Selectmen’s Room

spirit-of-1776

The Selectmen’s Room was originally the reading room of the Abbot Public Library, housed in Abbot Hall. It became the Selectmen’s Room in 1954 when the new Abbot Public Library was built and is now the setting for a variety of activities. It is used by Marblehead’s Selectmen for their regular meetings. 

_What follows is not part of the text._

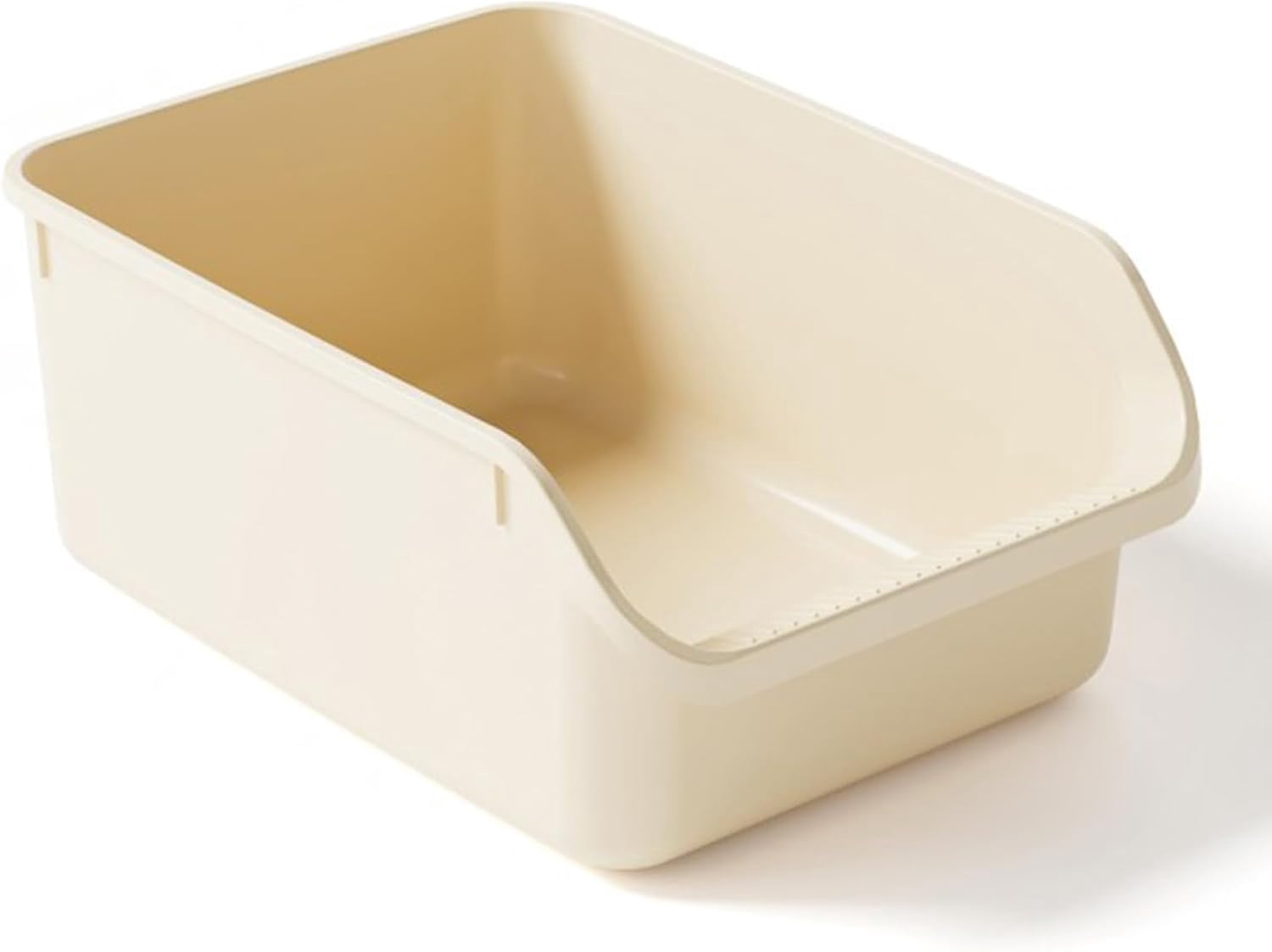 Large Cat Litter Box with High Sides,Cat Boxes for Indoor Cats,Cat Litter Pan for Kitty,Litter Box with Low Entry,Easy to Clean,Anti-Splashing(Cream White)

The Spirit of ’76, prominently featured, watches over Selectmen’s meetings and other special events such as weddings. Also on display in this room are many notable paintings, busts, artifacts of Marblehead history including the original 1684 deed of purchase for the town’s land from the Naumkeag tribe for 16 British pounds (approximately $80 in today’s dollars), and historic documents from Marblehead’s past including letters from George Washington, Elbridge Gerry, Paul Revere and documents signed by John Hancock and Samuel Adams.

selectmen

2016 Selectmen Jim Nye, Bret Murray, Jackie Belf-Becker, Judy Jacobi, Harry Christensen

The Selectmen’s Room also includes the large painting Washington Passing the Delaware, by William T. Bartoll, c. 1850, copied after Thomas Sully’s 1819 painting of the same name. In 1975, the late Herb Haskell, Marblehead’s Building Inspector, found this Bartoll painting on a dirt floor in the cellar of Abbot Hall. The painting was so dirty it wasn’t identified until after it was carefully cleaned. Another painting in the Selectmen’s Room is Crossing the Grand Banks, by William E. Norton, donated to the town in 1876 by James J. H. Gregory. It depicts fishing dories and schooners on the Grand Banks typical of the Marblehead fishing fleet of the 1800’s.